I have had terrible experiences in the long queues of organised retail outlets. Help! Is anything being done here to sort out the mess?

_ Pankaj Mehta, Ahmedabad

Pankaj-bhai, the last seven feet, as I call it, are the most lethal to a retail store. These are the last seven feet where customers wait at checkout queues. The store has welcomed the customers in with glee, has offered a wide range of choice stocked systematically, has offered an ability to experience the product and even try them on if they are apparel, and finally when the customer has made up her mind, you kill her with your queue! That’s killing her softly, but killing her surely as well.

Dropout rates can be high, and discouragement rates to shop at the same store again can be disastrous if you do not know how to engage customers in the billing queue.

First, your queue must not be long. Second, your billing must be super-efficient if not super-swift and RFID-reader led. And third, if you have a queue of any kind, it must not be more than seven feet long. And lastly, you need to invent ways to engage customers in this last seven feet lap.

In terms of innovations, rewarding wait time is a sure way of keeping customers happy. Reward them with entertainment, information or sampling in the queue as they wait (of food or beverage). Doing a quick piece of market research as they wait, and rewarding them for their responses is a good thing to do as well.

Pankaj, a lot needs to be done in this space for sure.

Nokia lost the plot. Am I right? And how did all this happen?

_ Roopa P. Menon, New Delhi

Roopa, Nokia was the first mover in India, but Nokia lost out to everyone else in the Indian market, as it became as generic a brand as Dalda had become. Much faster than all the decades Dalda took to do it.

Nokia emerged in the mobile handset market with as much finesse and bravado as Dalda had shown in India’s Vanaspati market decades ago. Dalda became a generic over the decades, and failed to innovate and hold on. Instead, Dalda lost share to everyone else, just as Nokia did. At the end of the day, both brands got the credit for being first movers and both brands got the credit for moving up the share of category to what it is today, but both brands lost all they had to everyone else who came later and innovated away to glory. Everyone took a bite.

Nokia blazed away in India in the era of “push-button phones”, as I call it. I categorise India's telephony market into the era of the “rotary-dial phones”, the era of “push-button handsets”, and finally the “dial touchscreens”. While the public-sector ITI (Indian Telephone Industries) led the era of the rotary-dial phones, Nokia led the push-button phone era, and missed out on the smart touchscreen era altogether.

Yes, Nokia hopped onto the smartphone bandwagon later, but missed the entire fast-paced and quick-evolution process of the smart-screen development. As Samsung and Apple and every LG chipped away at share, Nokia got left behind, which was its undoing. A Samsung was seen to be at cutting-edge, an Apple was at bleeding-edge and Nokia was seen to be at “confused-edge”! I am being rude now.

Confusion, the last-mover status on smartphones, and confused market moves in terms of advertising and communication did Nokia in.
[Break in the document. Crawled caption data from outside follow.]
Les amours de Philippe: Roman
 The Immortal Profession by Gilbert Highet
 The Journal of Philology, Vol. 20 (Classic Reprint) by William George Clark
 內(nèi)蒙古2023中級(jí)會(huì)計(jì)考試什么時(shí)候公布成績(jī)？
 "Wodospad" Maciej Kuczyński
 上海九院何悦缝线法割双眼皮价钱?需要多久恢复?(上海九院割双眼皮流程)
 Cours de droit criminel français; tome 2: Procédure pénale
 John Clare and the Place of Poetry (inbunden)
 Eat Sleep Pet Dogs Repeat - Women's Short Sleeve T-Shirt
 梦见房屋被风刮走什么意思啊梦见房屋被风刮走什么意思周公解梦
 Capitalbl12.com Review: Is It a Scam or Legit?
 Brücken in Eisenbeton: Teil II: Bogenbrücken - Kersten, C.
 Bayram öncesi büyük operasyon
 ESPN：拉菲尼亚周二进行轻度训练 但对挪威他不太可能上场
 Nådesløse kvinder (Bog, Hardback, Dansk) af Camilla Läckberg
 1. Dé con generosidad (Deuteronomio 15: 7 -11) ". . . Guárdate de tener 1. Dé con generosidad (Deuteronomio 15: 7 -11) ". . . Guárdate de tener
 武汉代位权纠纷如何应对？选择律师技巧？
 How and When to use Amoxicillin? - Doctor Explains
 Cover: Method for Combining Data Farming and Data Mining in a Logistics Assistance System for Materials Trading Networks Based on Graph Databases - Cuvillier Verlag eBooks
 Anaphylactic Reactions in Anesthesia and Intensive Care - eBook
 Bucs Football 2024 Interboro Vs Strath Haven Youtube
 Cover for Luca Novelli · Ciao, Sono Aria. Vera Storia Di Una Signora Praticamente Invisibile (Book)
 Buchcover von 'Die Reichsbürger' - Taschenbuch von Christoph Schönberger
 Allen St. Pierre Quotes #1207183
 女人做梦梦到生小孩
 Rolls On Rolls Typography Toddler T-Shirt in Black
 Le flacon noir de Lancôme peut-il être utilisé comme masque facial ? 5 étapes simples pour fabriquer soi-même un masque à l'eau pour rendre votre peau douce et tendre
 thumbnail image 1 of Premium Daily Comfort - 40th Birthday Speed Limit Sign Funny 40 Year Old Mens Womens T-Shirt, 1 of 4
Confused is a good word to go with. The brand is using everything that everyone else is using. The advertising is nothing that stands out from the herd as yet. This needs to be corrected under the new dispensation which will come into play with the Microsoft entry.

This Microsoft buy is a good one. I do believe this $7.2-billion sale by Nokia is a distress-sale number for sure. For Microsoft, however, I see this to be a fire-sale buy that will fire up its imagination. Microsoft now emerges as a hardware, business software and services giant. This complete vertical integration can be valuable for Microsoft. In many ways, just as Nokia missed the bus on the smartphone, indeed the smart services portfolio, and smart services network at large, Microsoft in turn has missed in the past a possible hardware play. This acquisition gives it that edge.

Microsoft must use this buy to redefine itself competently as a complete portfolio player. The pantheon of players is laid out. At one end you have Apple Inc with its play, at another end you have Samsung with its multiple screen-play (remember Samsung is in every screen there is to play: televisions, desktops, laptops, mobile phones and more) and now the third player is Microsoft-Nokia. An interesting line-up really.

Within India, Microsoft needs to spend time understanding consumer insight that is uniquely Indian to infuse fire and life in this category. India shows the potential to talk of teledensity of 2.1, as we see in some cities such as Chennai already.

If that is a number to aim for, India is a 2.5 billion mobile handset market. This number will happen not with the handset alone, but with an imaginative packaging of everything that Microsoft brings to the party, the business software, the entertainment software, its services play, and finally the imaginative handset.